Kawai Tsugusuke (1827–1868) était un ancien du domaine de Nagaoka qui a promu les réformes du domaine et s'est consacré à la modernisation du système militaire du domaine. Il a étudié sous la direction de Sakuma Shōzan à Edo et a mené des recherches sur la science militaire néerlandaise à Nagasaki, démontrant une vision cosmopolite remarquable pour un samouraï de son époque.
Le déploiement par Tsugusuke de canons Gatling parmi les premiers usages au combat au Japon mérite une mention historique.

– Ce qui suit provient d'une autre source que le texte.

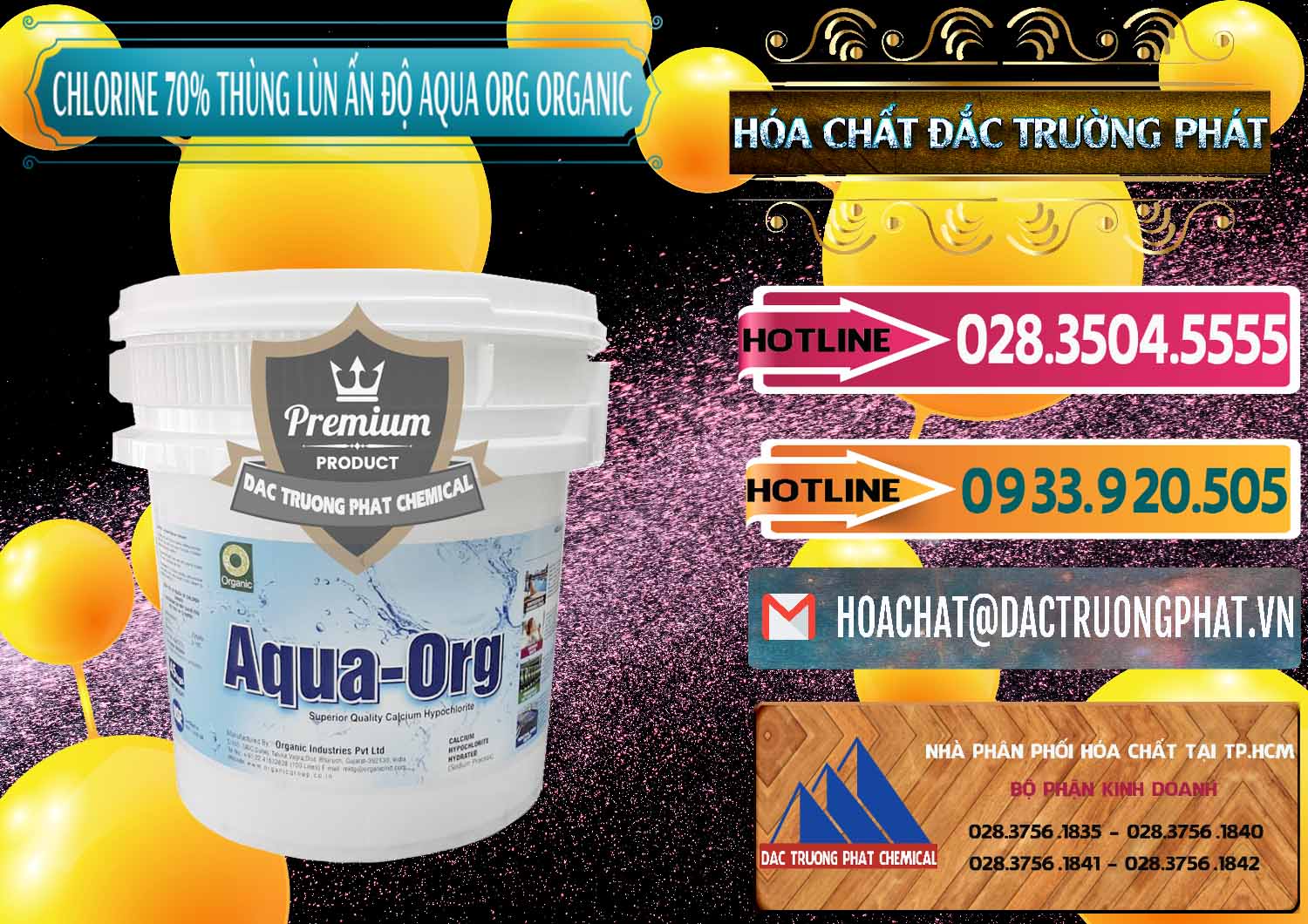 Nơi chuyên phân phối _ bán Chlorine – Clorin 70% Thùng Lùn Ấn Độ Aqua ORG Organic India - 0212 - Công ty chuyên cung cấp - kinh doanh hóa chất tại TP.HCM - dactruongphat.vn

Le canon Gatling, une mitrailleuse rotative à plusieurs canons développée en Amérique dans les années 1860, a été acquis par Tsugusuke en deux exemplaires par l'intermédiaire de maisons de commerce étrangères à Yokohama. Cette adoption d'armements avancés incarnait un mariage curieux de l'esprit samouraï et de l'armement moderne.
De plus, Tsugusuke lui-même possédait des compétences en escrime et les archives attestent de sa formation dans l'école Hokushin Ichiryu. Alors que l'entraînement à l'épée formait sa fondation spirituelle en tant que samouraï, les armes à feu et l'artillerie dominaient le champ de bataille réel – peut-être aucune figure à la fin du shogunat n'incarnait cette contradiction temporelle aussi profondément que Tsugusuke. Ses actions étaient l'incarnation même d'un « samouraï né à l'époque de l'épée, vivant à l'époque du fusil ».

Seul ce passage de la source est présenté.